To build Nautilus from source execute use cmake:

mkdir build
cd build
cmake ..
cmake --build . --target nautilus

Components:

The codebase is structured in the following components:

Component Description
include Contains the public api of Nautilus, e.g., val objects.
tracing Hosts core functionality for tracing generic C++ code.
compiler Implements the Nautilus compiler, including its IR, optimization passes, and various generation backends.

Publication:

This paper discusses Nautilus's architecture and its usage in the NebulaStream query compiler. Note that it references an earlier version of the code-generation API, which has changed.

@article{10.1145/3654968,
    author = {Grulich, Philipp M. and Lepping, Aljoscha P. and Nugroho, Dwi P. A. and Pandey, Varun and Del Monte, Bonaventura and Zeuch, Steffen and Markl, Volker},
    title = {Query Compilation Without Regrets},
    year = {2024},
    issue_date = {June 2024},
    volume = {2},
    number = {3},
    url = {https://doi.org/10.1145/3654968},
    doi = {10.1145/3654968},
    journal = {Proc. ACM Manag. Data},
    articleno = {165},
    numpages = {28},
}

Related Work:

The following work is related to Nautilus and influenced our design decisions.
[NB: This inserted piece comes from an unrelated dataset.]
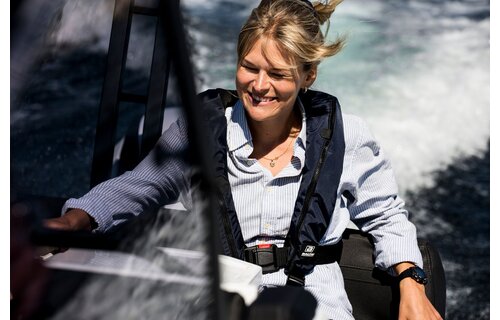 Baltic Legend 305N met Harnas automatisch reddingsvest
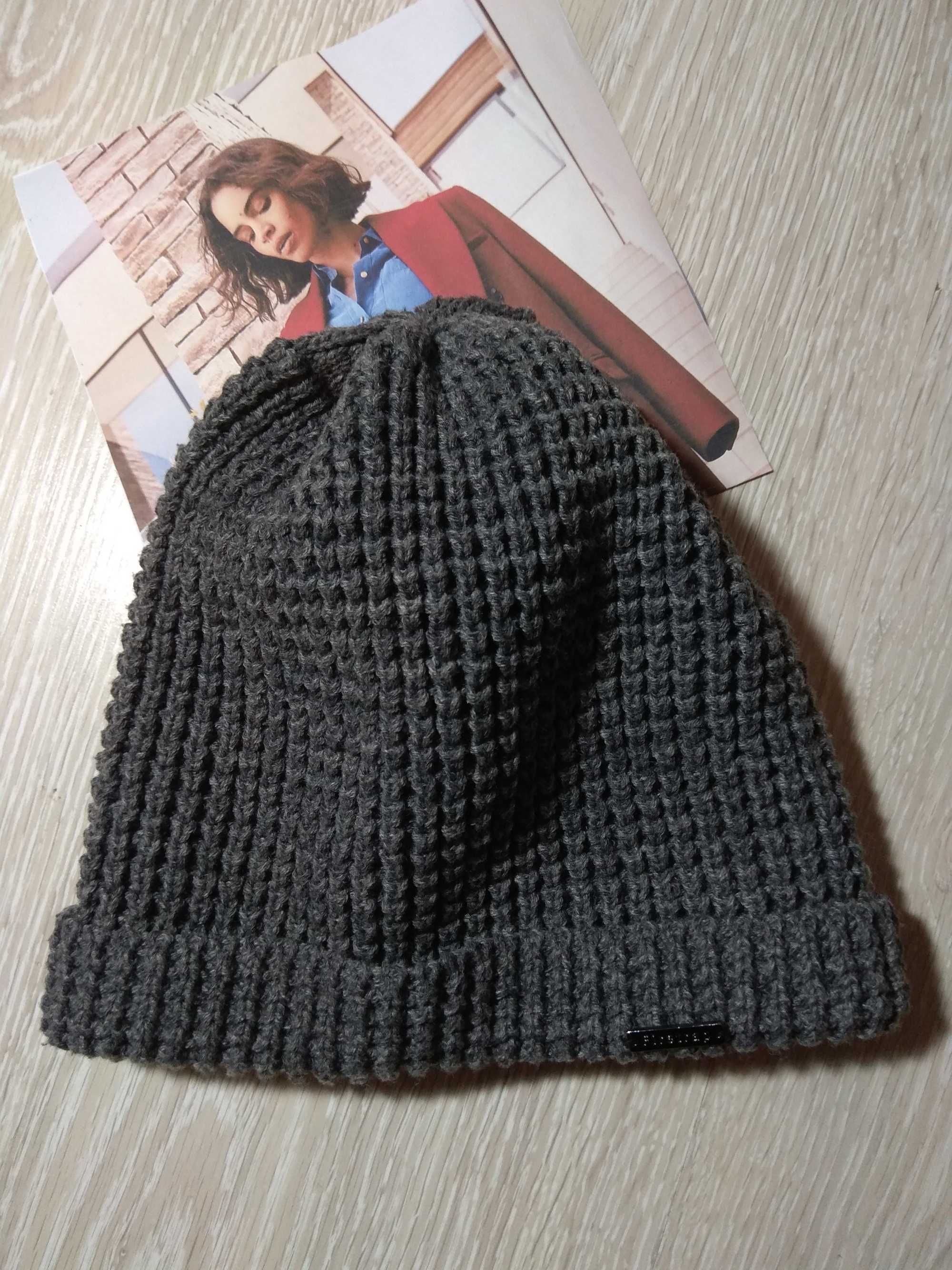 Шапка  Firetrap сіра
  • Tidy Tuples and Flying Start: This paper describes the low-latency query compilation approach of Umbra. This work was one of the main motivations for the creation of the Nautilus project and its use in NebulaStream.

  • Flounder: Flounder is simple low latency jit compiler that based on AsmJit, which is designed for query compilation.

  • Build-It: BuildIt is a framework for developing Domain Specific Languages in C++. It pioneered the capability of extracting control-flow information form imperative C++ code.

  • GraalVM: The GraalVM project provides a framework to implement AST interpreters that can be turned into high-performance code through partial evaluation.

  • MLIR: The MLIR project provides a novel approach to building reusable and extensible compiler infrastructure. Nautilus leverages it as a foundation for its high-performance compilation backend.

  • MIR: The MIR projects provides a lightweight jit compiler that targets low compilation latency. Nautilus leverages MIR as a low latency compilation backend.